And in June, Tesla (TSLA) presented an updated version of its Optimus robot at Tesla’s Investor Day and showed it roaming a factory floor. CEO Elon Musk touted the robot’s potential, saying it had the ability to push the company’s market cap to $25 trillion.
Robotics have been integrated into factory floors and warehouses to improve efficiencies for years. But current machines in use have largely been limited to moving from point A to point B and tackling a handful of tasks.
Humanoids that can adapt to existing environments have long been seen as the ultimate test if they can work alongside humans in spaces built for them.
“If you want a versatile robot, then having a robot that can retrofit into our environment so you don’t have to change anything seems important,” said Cardenas. “Today, three to six [times] the price of the robot is spent just integrating that robot into a new workflow.”
Nvidia's humanoid ambition
Nvidia (NVDA) is driving rapid development through an ecosystem built specifically for humanoids. It combines high-powered GPUs that process data at high speeds with Nvidia Omniverse, a digital world that allows users to train robots on skills applied in the real world.
The company announced the development of physical AI foundation models earlier this year. Just last month, Nvidia unveiled “NIM Microservices,” software technology that offers generative AI models for different applications, with some models that are able to visually interpret their surroundings in 3D.
“Before, when we used to do an AI model for doing a particular task, we had to train it with specific data for that task … and if you needed that AI model to do something different, you needed to retrain that model,” said Deepu Talla, Nvidia's vice president of Robotics and Edge Computing.
Nvidia’s ecosystem now enables robots to train using text and speech input, in addition to live demonstrations.
Those advancements have helped supercharge development at Apptronik, one of a handful of robotics companies Nvidia has partnered with. The company recently achieved a big milestone at its Austin headquarters when its humanoid robot, Apollo, autonomously performed tasks trained through visual learning. The machine was seen picking up a pair of socks and a hat and packing it into a box. A task that once took thousands of hours to train on took just 10 hours, according to the company.
“If we build big data sets of humans doing tasks in these environments and we have robots with the same morphology as a person, then that allows us to have robots that can do a whole wide range of tasks over time,” said Cardenas.
That potential has attracted record funding from investors. Humanoid robotics companies raised nearly $793 million in the first half of 2024, according to data from CB Insights.
Goldman Sachs projects the humanoid market will reach $38 billion by 2035.
“If you have a robot that can really do anything a human can, then that fundamentally changes the economy as we know it, right?” said Sam Korus, director of Research, Autonomous Technology, and Robotics at Ark Invest. “Then there’s no more constraint on human labor.”
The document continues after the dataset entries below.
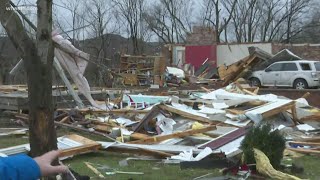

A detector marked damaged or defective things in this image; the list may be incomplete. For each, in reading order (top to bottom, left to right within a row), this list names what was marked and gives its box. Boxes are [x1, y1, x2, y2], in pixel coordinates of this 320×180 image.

broken siding [216, 43, 272, 66] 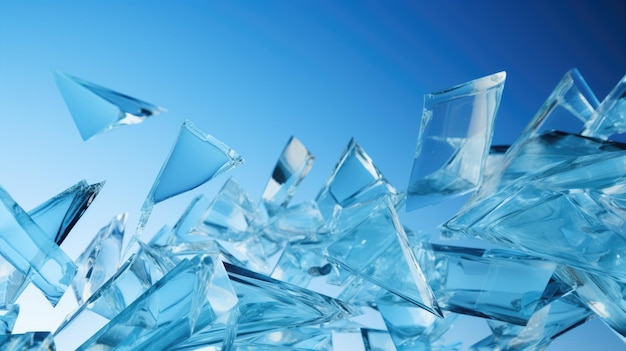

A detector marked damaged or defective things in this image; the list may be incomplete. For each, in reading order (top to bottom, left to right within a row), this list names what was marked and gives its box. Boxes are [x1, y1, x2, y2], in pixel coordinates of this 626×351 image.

shattered glass fragment [53, 70, 165, 142]
shattered glass fragment [138, 120, 244, 234]
shattered glass fragment [260, 136, 314, 216]
shattered glass fragment [314, 139, 398, 235]
shattered glass fragment [404, 70, 508, 210]
shattered glass fragment [580, 73, 624, 140]
shattered glass fragment [0, 332, 54, 351]
shattered glass fragment [0, 186, 76, 306]
shattered glass fragment [71, 213, 127, 306]
shattered glass fragment [53, 248, 169, 351]
shattered glass fragment [73, 256, 239, 351]
shattered glass fragment [171, 262, 356, 350]
shattered glass fragment [312, 201, 438, 320]
shattered glass fragment [412, 243, 552, 326] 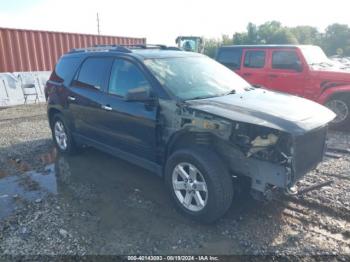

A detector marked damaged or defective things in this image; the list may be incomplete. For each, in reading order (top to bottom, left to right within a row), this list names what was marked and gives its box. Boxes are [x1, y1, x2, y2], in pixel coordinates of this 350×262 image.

damaged black suv [45, 45, 334, 223] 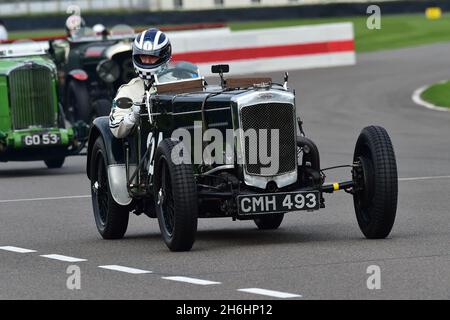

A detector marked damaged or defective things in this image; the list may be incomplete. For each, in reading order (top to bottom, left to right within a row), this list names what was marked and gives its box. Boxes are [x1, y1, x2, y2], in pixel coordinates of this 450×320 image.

exposed front wheel [89, 136, 128, 239]
exposed front wheel [154, 139, 198, 251]
exposed front wheel [255, 212, 284, 230]
exposed front wheel [354, 126, 400, 239] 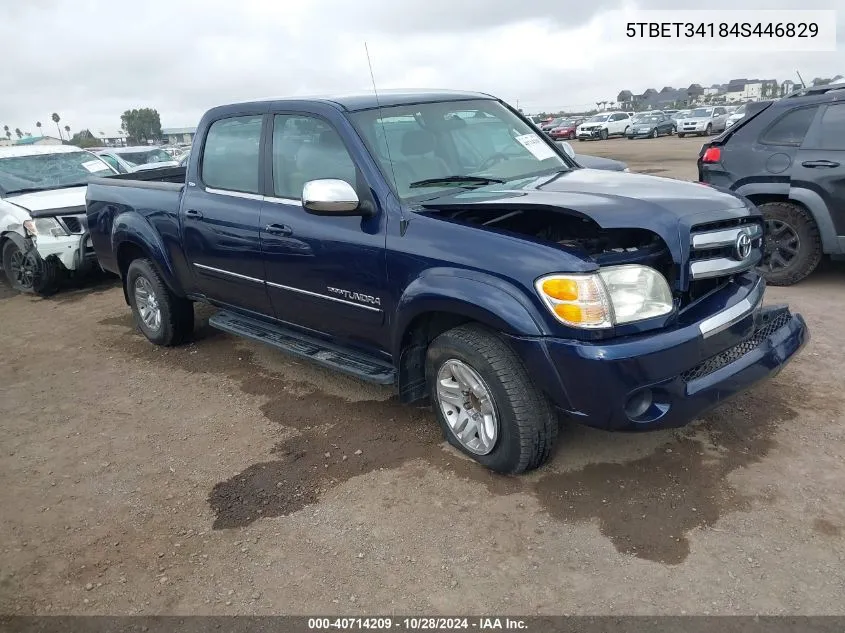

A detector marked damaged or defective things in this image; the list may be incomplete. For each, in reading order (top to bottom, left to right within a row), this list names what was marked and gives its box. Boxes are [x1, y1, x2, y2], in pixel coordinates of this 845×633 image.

white damaged car [0, 144, 115, 292] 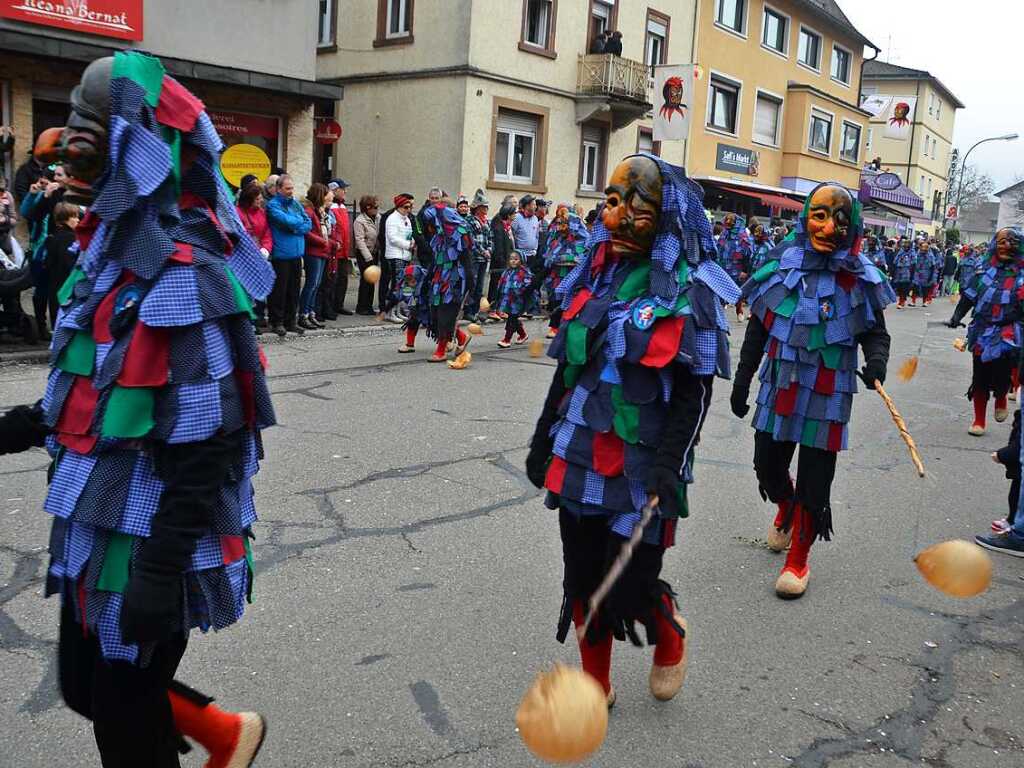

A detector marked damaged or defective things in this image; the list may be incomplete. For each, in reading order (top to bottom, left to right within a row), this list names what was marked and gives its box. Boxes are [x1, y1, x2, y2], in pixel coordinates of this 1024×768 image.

cracked pavement [2, 309, 1024, 765] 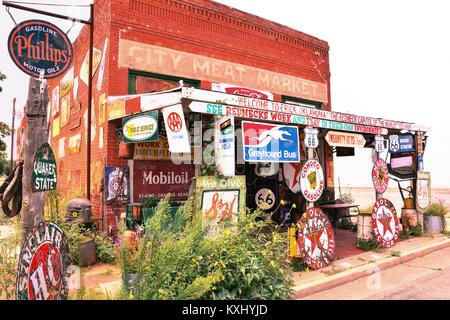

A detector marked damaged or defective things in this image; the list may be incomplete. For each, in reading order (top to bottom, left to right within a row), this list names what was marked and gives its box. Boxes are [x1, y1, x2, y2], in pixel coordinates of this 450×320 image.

rusty metal sign [370, 159, 388, 194]
rusty metal sign [16, 222, 70, 300]
rusty metal sign [298, 208, 336, 270]
rusty metal sign [370, 198, 400, 248] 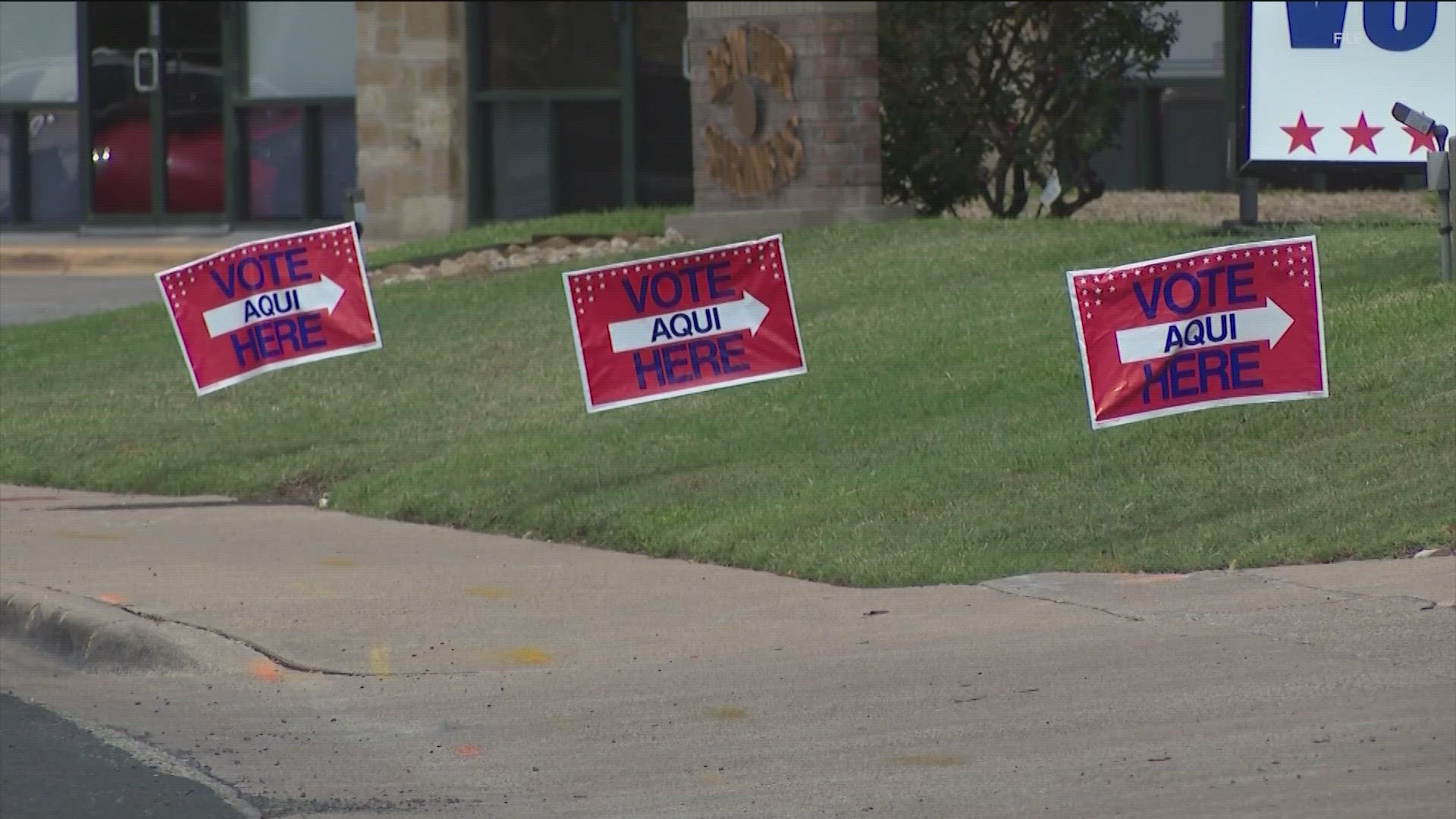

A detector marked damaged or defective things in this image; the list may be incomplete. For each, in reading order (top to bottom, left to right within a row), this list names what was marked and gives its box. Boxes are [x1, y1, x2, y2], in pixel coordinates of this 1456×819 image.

pavement crack [972, 582, 1141, 620] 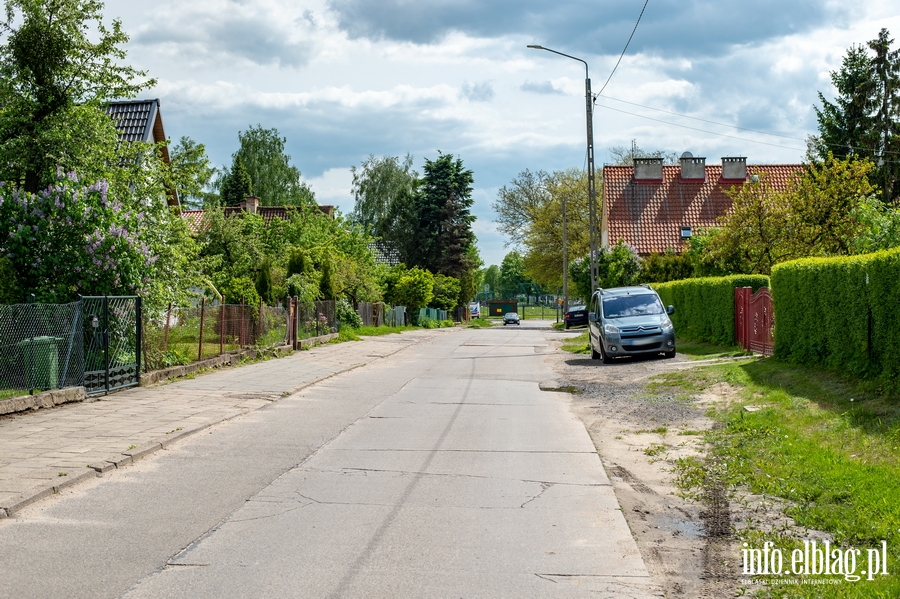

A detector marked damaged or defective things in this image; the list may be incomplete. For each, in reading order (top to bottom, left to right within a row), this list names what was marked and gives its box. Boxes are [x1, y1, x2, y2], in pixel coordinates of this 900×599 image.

cracked road surface [1, 328, 660, 599] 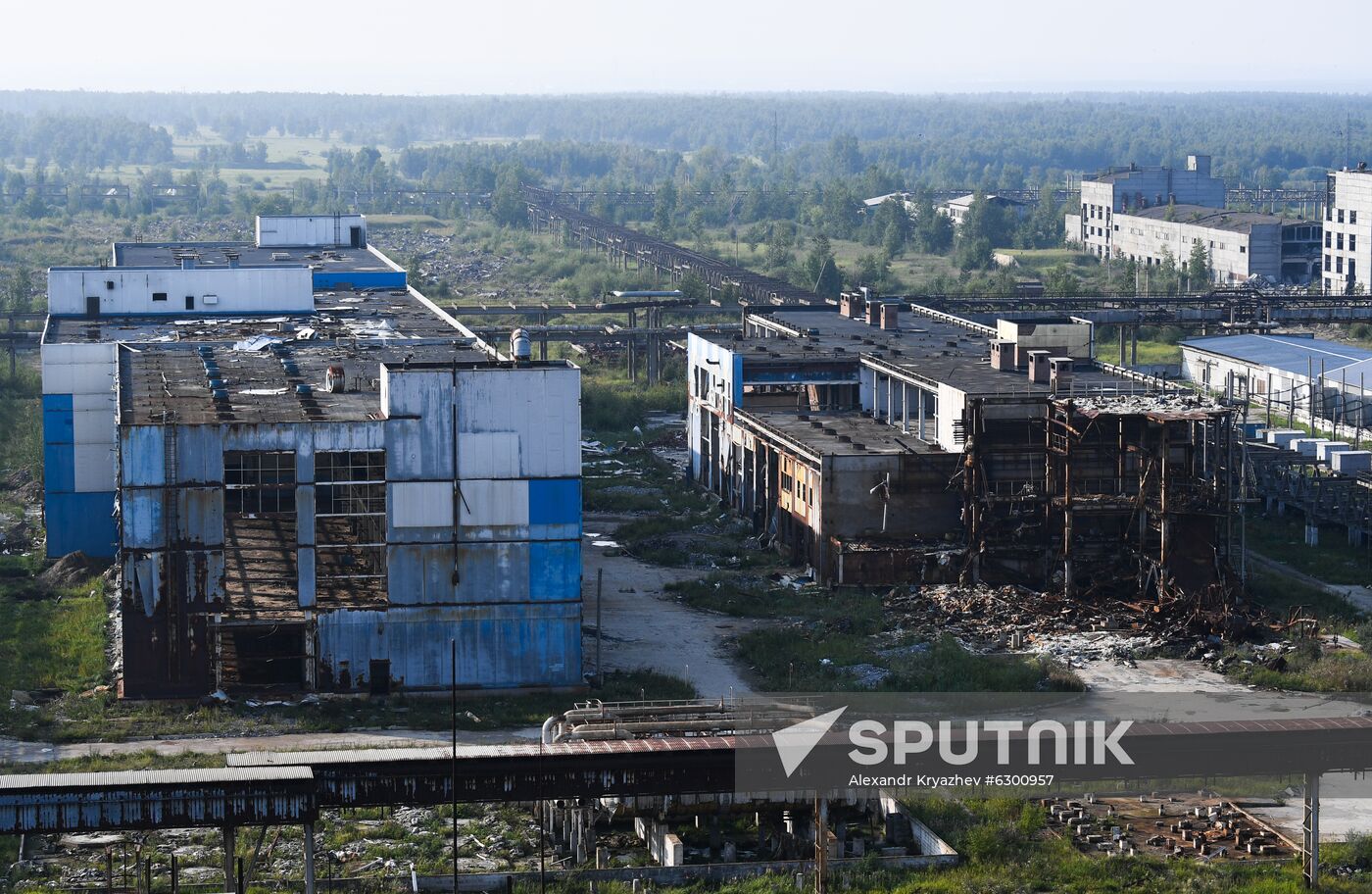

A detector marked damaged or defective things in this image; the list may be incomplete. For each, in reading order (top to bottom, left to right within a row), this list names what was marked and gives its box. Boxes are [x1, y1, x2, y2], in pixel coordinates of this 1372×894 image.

broken window [316, 450, 386, 604] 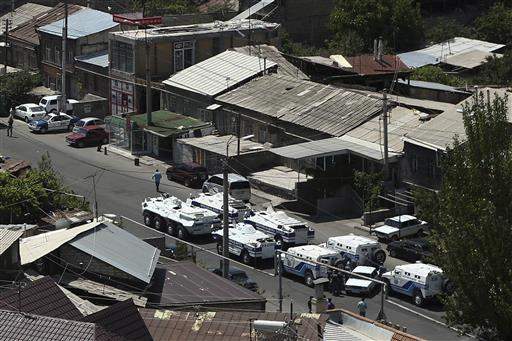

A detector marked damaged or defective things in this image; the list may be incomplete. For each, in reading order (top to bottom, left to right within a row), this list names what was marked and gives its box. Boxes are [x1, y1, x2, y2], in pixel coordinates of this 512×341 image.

rusty metal roof [9, 3, 83, 45]
rusty metal roof [217, 74, 384, 137] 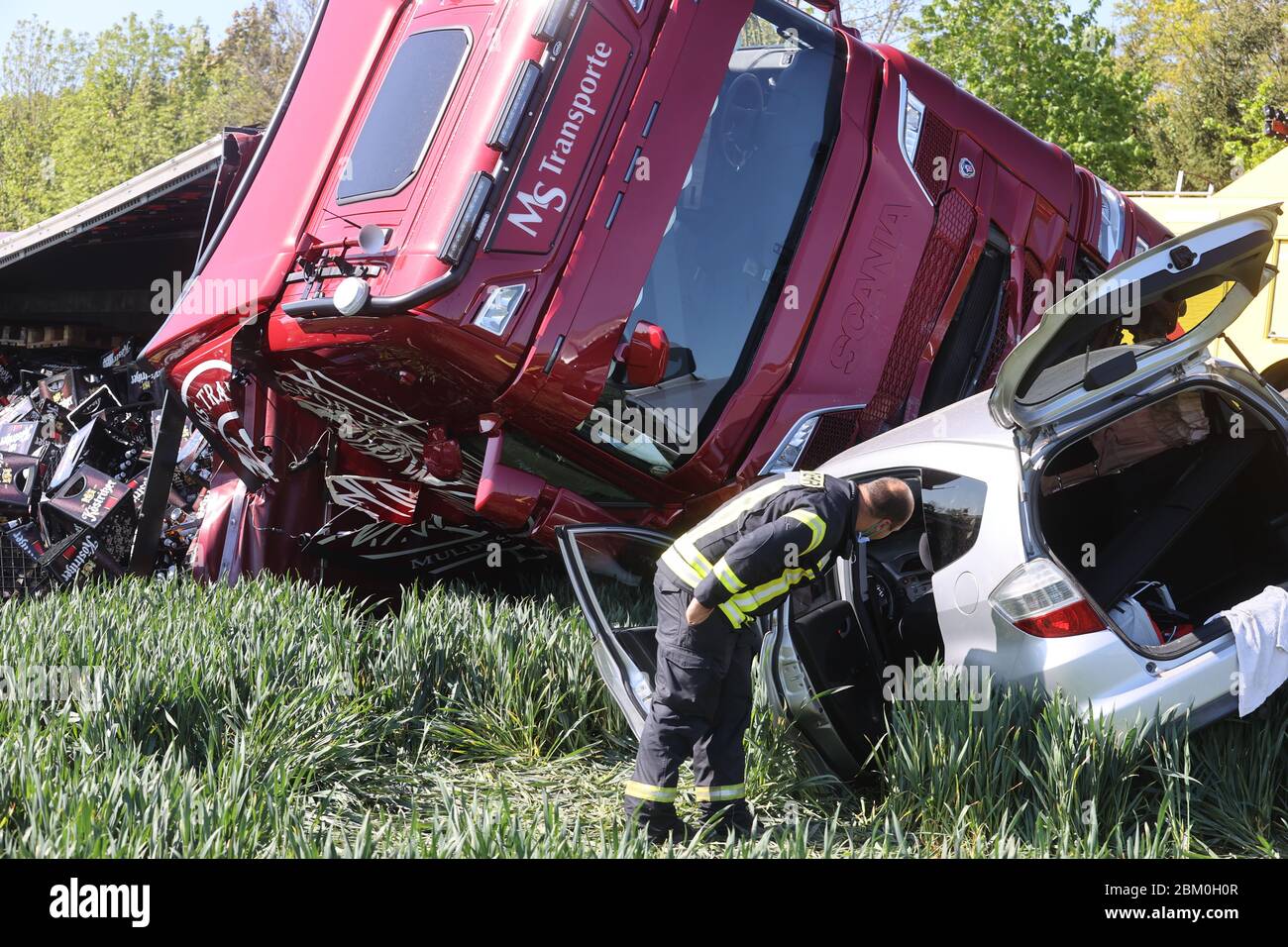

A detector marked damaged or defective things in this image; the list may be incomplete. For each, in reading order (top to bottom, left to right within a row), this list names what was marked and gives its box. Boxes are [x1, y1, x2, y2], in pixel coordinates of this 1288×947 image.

Tech leaders have been quick to caution that more humanoids won’t necessarily mean fewer human jobs. However, a report by Goldman Sachs estimates the machines are likely to substitute people in 5% to 15% of existing jobs in car manufacturing as well as in dangerous jobs, such as disaster rescue and nuclear reactor work. That demand is likely to push 1.1 million to 3.5 million units globally, according to the report.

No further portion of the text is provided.